Remparts of Watten

The earthen fortification of the 17th century

Public can access the mill’s bastion freely all year long, it offers great views of the maritime plain and the Audomarois region.

The other bastions are not accessible to the public, but are visible from the outside. Signage and information panels along the trail “Sentier de la Montagne” (connecting the fortification to the city) allow visitors to understand the history of the site and landscape.

The French had just taken Watten back to the Spaniards, in order to attack Saint-Omer.

The operation failed and Watten fell into the hands of the Spaniards in June of the same year, who built a flood barrier dyke in the valley between Watten and Eperlecques and flooded the Audomarois marshes all the way to Saint-Omer.

In 1644, Watten returned to the hands of the French, and the young king Louis XIV commissioned the engineer LE CAMUS to establish a fortification in order to shelter the troops during winter. Dutch contractors were brought in to build uncovered earthen fortifications. Ditches and moats were dug, bastions were established by tamping the earth without covering the ramparts with masonry.
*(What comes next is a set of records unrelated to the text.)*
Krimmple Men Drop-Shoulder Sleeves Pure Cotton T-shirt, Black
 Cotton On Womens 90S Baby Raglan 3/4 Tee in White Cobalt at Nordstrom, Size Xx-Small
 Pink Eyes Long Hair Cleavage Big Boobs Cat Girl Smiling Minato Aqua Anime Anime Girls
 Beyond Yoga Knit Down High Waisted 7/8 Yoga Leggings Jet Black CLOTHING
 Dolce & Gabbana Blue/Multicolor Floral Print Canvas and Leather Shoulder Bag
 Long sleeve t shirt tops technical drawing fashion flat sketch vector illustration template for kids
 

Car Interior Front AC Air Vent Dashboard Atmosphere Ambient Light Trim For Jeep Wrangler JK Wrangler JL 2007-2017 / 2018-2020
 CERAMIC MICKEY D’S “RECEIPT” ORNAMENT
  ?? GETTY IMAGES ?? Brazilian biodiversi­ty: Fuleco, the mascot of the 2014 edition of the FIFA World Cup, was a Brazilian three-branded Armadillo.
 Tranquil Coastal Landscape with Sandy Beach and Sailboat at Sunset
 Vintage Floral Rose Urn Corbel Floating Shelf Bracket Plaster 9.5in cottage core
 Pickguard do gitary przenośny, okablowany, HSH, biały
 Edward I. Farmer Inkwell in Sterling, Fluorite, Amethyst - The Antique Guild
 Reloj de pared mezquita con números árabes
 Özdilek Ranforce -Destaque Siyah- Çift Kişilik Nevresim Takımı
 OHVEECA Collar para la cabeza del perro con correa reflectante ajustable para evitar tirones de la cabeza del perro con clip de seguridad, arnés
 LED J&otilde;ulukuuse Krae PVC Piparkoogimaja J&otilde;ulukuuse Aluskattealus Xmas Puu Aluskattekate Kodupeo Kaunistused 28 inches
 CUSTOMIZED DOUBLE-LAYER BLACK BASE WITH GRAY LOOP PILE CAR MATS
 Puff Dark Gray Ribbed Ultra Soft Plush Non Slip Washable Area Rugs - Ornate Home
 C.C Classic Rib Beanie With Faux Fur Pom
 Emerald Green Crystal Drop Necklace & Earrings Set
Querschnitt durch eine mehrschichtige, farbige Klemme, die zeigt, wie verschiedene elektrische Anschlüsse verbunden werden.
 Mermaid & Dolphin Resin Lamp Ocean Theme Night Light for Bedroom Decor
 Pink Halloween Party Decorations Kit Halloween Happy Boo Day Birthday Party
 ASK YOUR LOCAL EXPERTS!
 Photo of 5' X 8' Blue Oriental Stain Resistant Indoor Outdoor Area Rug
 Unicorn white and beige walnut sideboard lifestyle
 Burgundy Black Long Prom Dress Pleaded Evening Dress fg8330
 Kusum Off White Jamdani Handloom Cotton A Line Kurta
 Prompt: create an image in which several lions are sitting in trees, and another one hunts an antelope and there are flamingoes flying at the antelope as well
Small forts protect the dam, the lock or the second mill near Wattendam. The fortification is designed to accommodate up to 10,000 men. It consists of 5 bastions connected to each other by a walkway. A path connects Watten Fort, above, with Fort du Bourg, below.

The Fort will be abandoned two years later, as it has become useless when the battle line moved to the north.

A year after its abandonment, the fort is taken over again by the Spaniards who destroy the fortifications.

In 1677, the French drive the Spaniards out from Watten and restore the fortifications. Watten becomes French once and for all, one year later, by the Treaty of Nijmegen.